Work task :: Only the lines from the one with "April Children Book Corner 4.png" through the last belong in the output; print them exactly as given below.

╭──

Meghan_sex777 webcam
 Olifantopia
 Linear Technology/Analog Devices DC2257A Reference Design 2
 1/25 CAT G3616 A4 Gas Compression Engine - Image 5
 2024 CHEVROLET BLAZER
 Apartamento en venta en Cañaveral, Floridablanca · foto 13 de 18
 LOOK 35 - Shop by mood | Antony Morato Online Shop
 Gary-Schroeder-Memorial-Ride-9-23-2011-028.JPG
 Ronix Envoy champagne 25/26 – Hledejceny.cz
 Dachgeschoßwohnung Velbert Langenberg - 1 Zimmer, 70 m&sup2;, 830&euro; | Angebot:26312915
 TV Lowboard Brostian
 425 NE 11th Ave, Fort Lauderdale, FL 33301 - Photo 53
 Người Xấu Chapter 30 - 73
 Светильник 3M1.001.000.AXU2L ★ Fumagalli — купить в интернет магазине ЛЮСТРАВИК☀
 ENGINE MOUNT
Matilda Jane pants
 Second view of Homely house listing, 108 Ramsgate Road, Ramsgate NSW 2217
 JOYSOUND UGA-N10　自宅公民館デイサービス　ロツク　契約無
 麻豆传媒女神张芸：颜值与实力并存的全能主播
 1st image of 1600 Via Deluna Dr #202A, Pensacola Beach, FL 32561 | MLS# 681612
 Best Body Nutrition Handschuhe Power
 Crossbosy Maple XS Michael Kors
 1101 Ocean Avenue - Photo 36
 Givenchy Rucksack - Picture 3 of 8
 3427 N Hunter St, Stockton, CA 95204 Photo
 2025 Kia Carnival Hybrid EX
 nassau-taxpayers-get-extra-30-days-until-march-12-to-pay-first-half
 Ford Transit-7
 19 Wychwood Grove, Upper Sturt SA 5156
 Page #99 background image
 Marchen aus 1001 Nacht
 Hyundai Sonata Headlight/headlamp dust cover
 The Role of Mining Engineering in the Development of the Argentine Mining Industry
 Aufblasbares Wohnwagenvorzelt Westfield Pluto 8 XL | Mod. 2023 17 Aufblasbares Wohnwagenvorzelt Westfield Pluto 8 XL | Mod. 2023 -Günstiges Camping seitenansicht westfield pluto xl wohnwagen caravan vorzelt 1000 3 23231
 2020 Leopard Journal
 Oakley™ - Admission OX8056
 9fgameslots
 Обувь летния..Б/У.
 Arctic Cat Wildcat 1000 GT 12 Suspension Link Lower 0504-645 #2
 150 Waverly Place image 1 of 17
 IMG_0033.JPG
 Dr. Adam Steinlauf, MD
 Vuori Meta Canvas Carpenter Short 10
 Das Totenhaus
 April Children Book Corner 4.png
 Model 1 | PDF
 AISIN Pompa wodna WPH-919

╰──

Task result ::
 April Children Book Corner 4.png
 Model 1 | PDF
 AISIN Pompa wodna WPH-919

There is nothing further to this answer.